> WORK TO COMPLETE:
Filter the listing below, copying every line in which the word "Toyota" appears.

+-------+

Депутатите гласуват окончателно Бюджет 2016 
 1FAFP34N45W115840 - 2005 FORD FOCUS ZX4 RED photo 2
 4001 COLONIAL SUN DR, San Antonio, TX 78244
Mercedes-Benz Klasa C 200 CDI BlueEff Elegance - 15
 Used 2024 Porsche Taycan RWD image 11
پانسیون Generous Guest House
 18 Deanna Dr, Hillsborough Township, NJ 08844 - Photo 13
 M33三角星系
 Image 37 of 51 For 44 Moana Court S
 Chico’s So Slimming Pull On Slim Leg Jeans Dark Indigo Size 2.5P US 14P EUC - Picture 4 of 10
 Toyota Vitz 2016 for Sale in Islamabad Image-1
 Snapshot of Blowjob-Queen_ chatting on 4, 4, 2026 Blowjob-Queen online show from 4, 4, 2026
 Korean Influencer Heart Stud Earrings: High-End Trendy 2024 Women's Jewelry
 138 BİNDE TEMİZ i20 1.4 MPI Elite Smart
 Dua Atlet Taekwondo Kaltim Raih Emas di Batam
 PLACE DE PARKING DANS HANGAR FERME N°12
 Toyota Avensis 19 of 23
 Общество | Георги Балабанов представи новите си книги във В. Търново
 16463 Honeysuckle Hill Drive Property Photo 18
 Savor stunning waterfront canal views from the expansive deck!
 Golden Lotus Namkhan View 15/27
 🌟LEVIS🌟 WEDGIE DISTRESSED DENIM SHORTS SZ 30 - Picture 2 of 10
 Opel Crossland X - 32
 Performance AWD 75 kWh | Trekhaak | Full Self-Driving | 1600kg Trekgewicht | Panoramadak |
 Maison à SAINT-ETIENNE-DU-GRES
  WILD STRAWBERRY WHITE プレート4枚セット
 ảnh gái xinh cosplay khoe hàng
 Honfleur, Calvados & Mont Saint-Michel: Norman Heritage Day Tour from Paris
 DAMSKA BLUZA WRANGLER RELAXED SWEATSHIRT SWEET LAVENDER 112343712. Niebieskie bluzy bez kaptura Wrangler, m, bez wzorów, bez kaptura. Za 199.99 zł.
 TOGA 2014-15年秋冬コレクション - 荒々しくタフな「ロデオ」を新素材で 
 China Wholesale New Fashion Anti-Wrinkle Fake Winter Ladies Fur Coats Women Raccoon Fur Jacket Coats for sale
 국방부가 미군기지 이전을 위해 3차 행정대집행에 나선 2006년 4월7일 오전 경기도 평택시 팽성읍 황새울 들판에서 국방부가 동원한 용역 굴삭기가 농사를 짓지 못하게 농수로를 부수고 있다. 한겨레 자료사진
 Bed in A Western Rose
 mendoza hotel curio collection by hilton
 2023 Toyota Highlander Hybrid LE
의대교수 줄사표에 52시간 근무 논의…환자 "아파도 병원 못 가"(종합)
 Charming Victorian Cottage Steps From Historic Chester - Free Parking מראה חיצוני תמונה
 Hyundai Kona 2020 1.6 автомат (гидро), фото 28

+-------+

> SOLUTION BELOW:
 Toyota Vitz 2016 for Sale in Islamabad Image-1
 Toyota Avensis 19 of 23
 2023 Toyota Highlander Hybrid LE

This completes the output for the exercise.